Records shown:
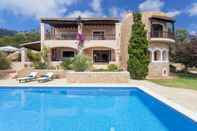 Swimming Pool Villa Cas Berris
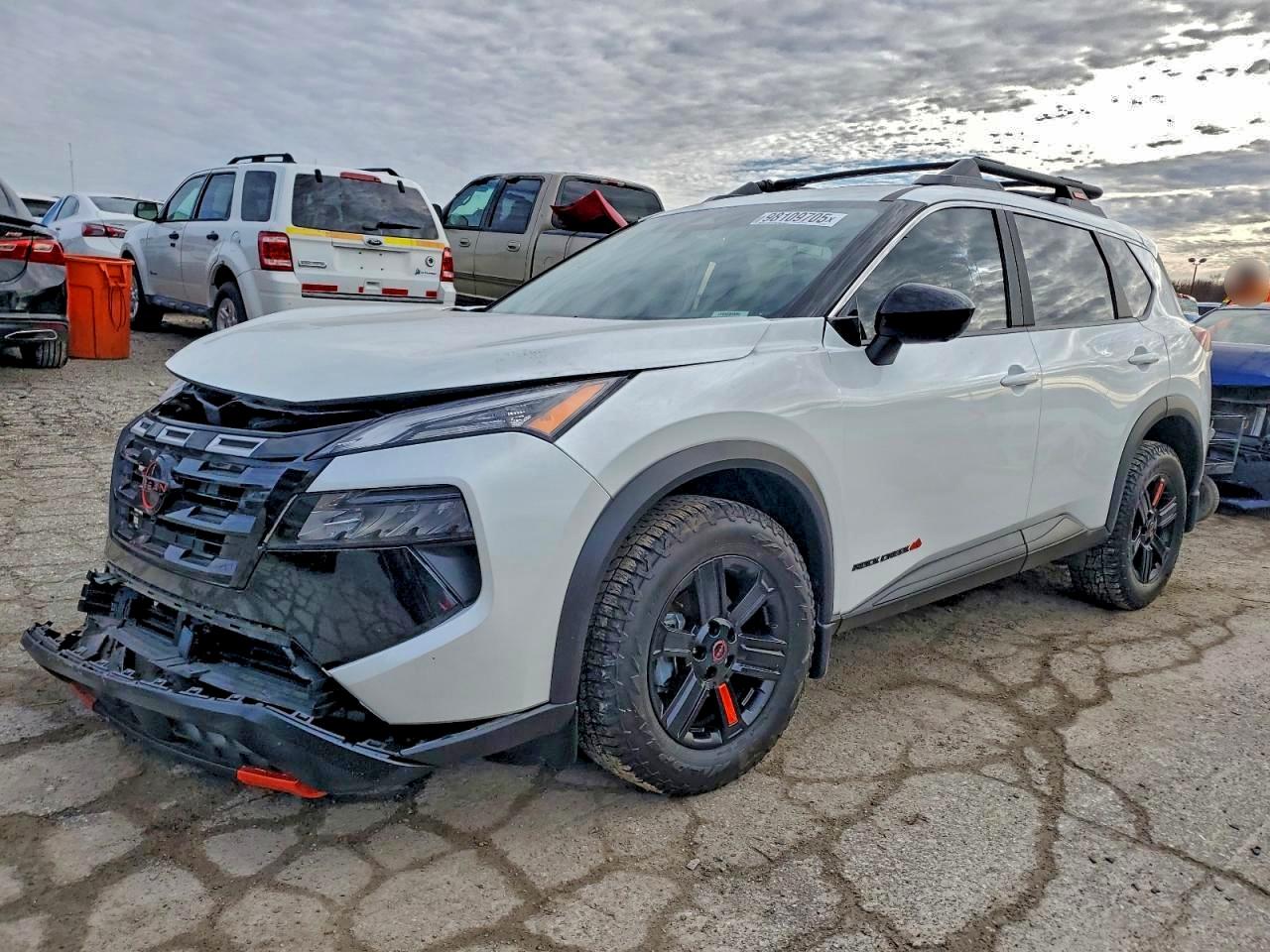 NISSAN ROGUE 2025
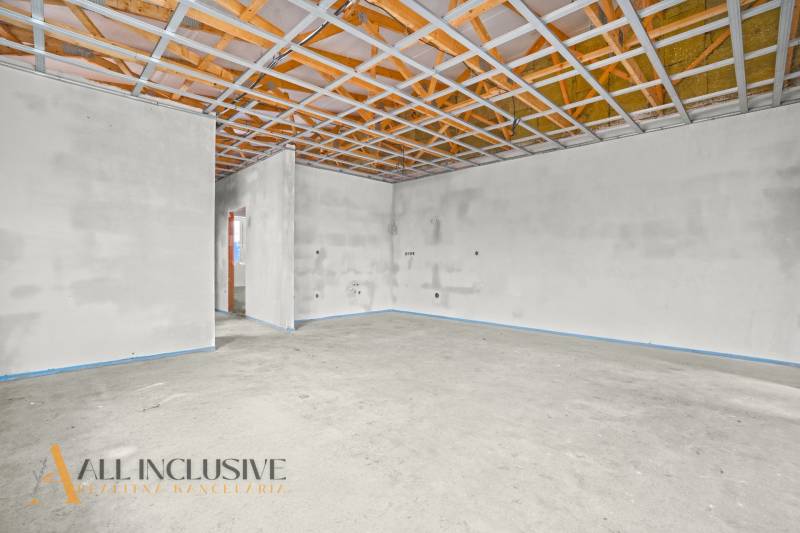 10 - 2025-12-15T123537.691.jpg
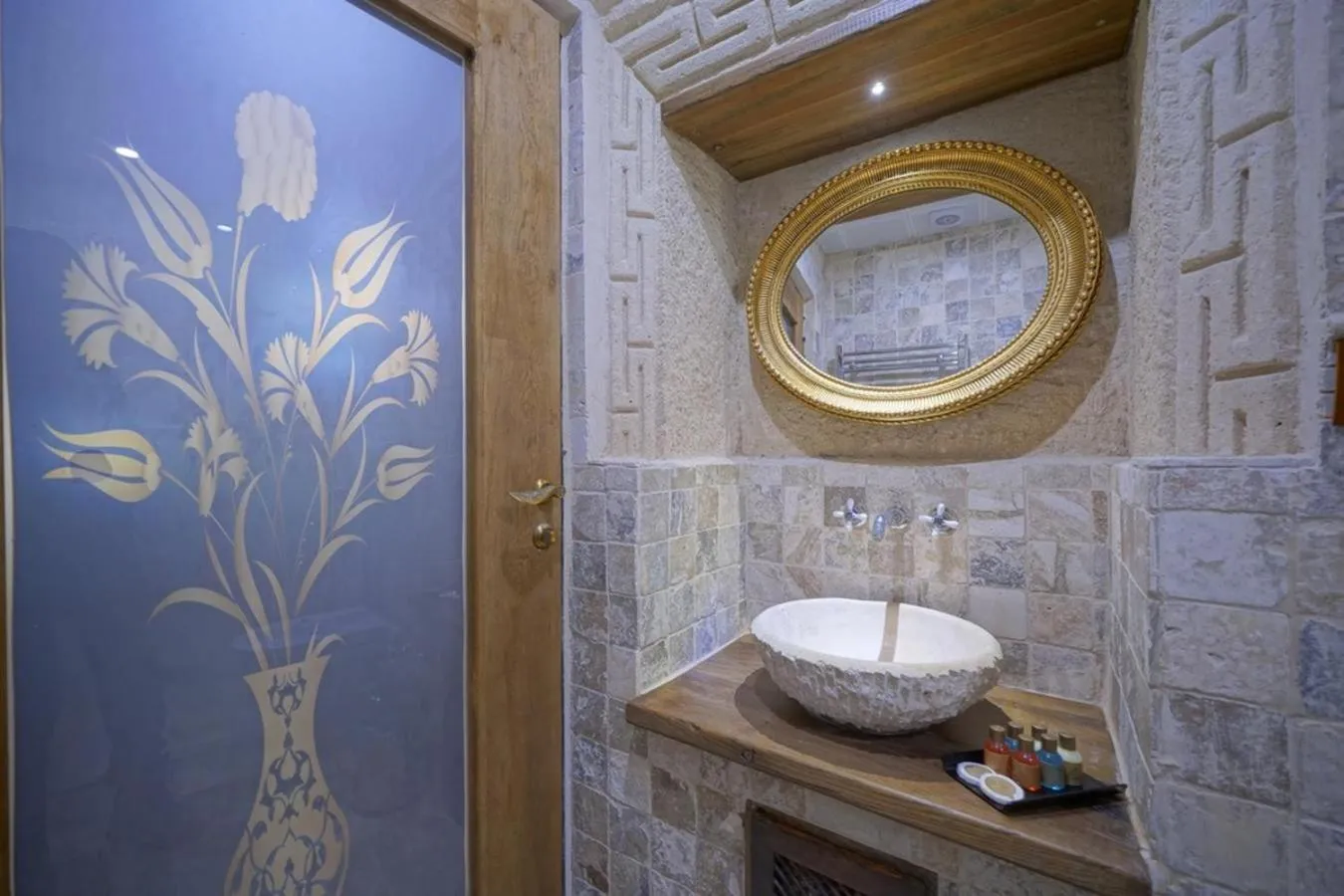 Bathroom in Arte Cave Hotel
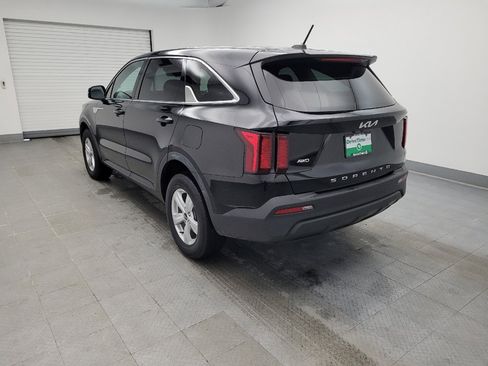 Used 2022 Kia Sorento LX image 5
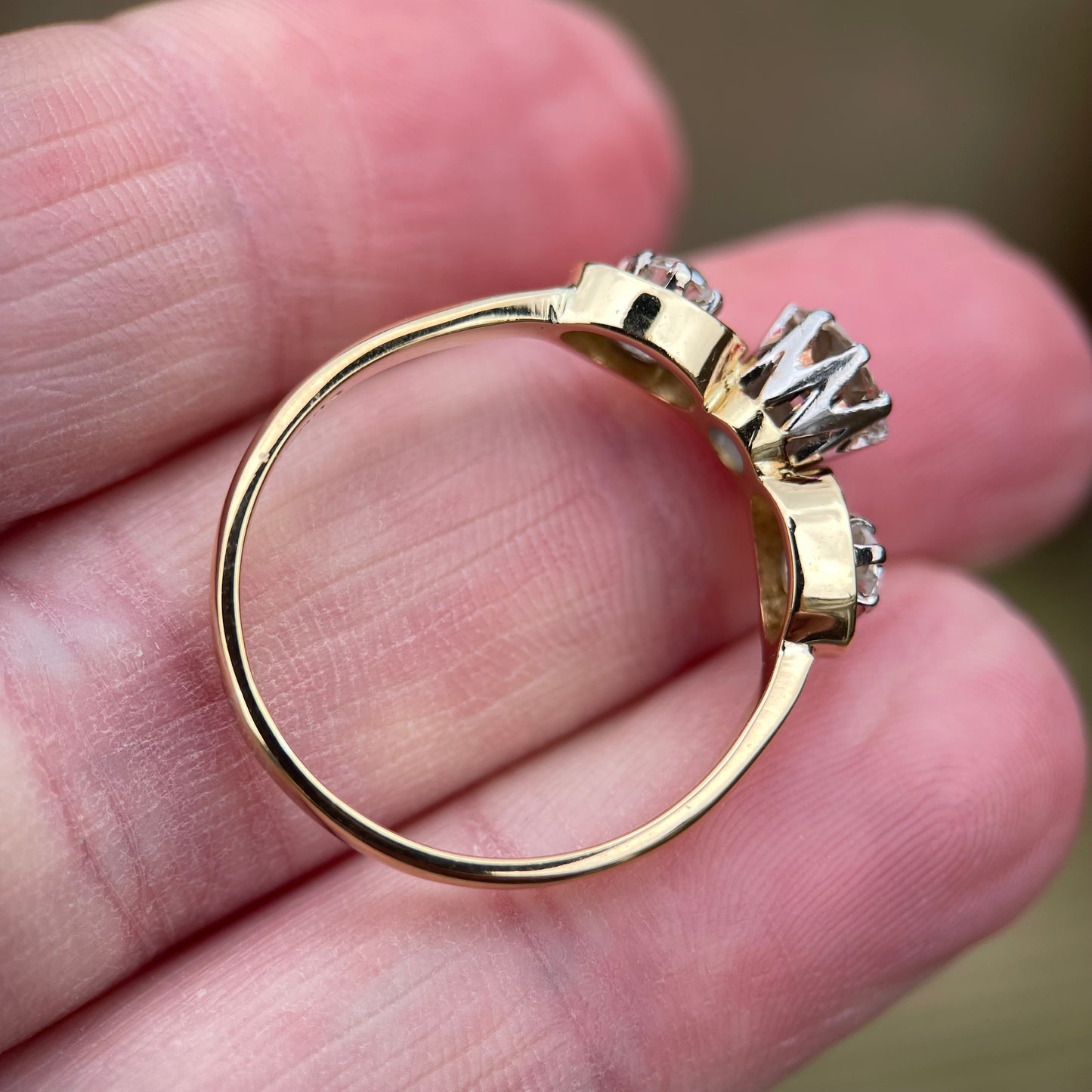 18ct Gold 0.88ct Old Cut Diamond Three Stone Trilogy Ring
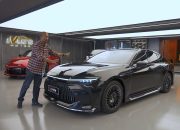 Fitra Eri Review Toyota Crown Terbaru 2025: Sedan Hybrid Mewah, Serasa Kendaraan Menteri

Exercise: Produce an exact copy of the lines from the line containing "Bathroom in Arte Cave Hotel" through the last line of the records, with no pictures and no other text.

Exercise response:
 Bathroom in Arte Cave Hotel
 Used 2022 Kia Sorento LX image 5
 18ct Gold 0.88ct Old Cut Diamond Three Stone Trilogy Ring
 Fitra Eri Review Toyota Crown Terbaru 2025: Sedan Hybrid Mewah, Serasa Kendaraan Menteri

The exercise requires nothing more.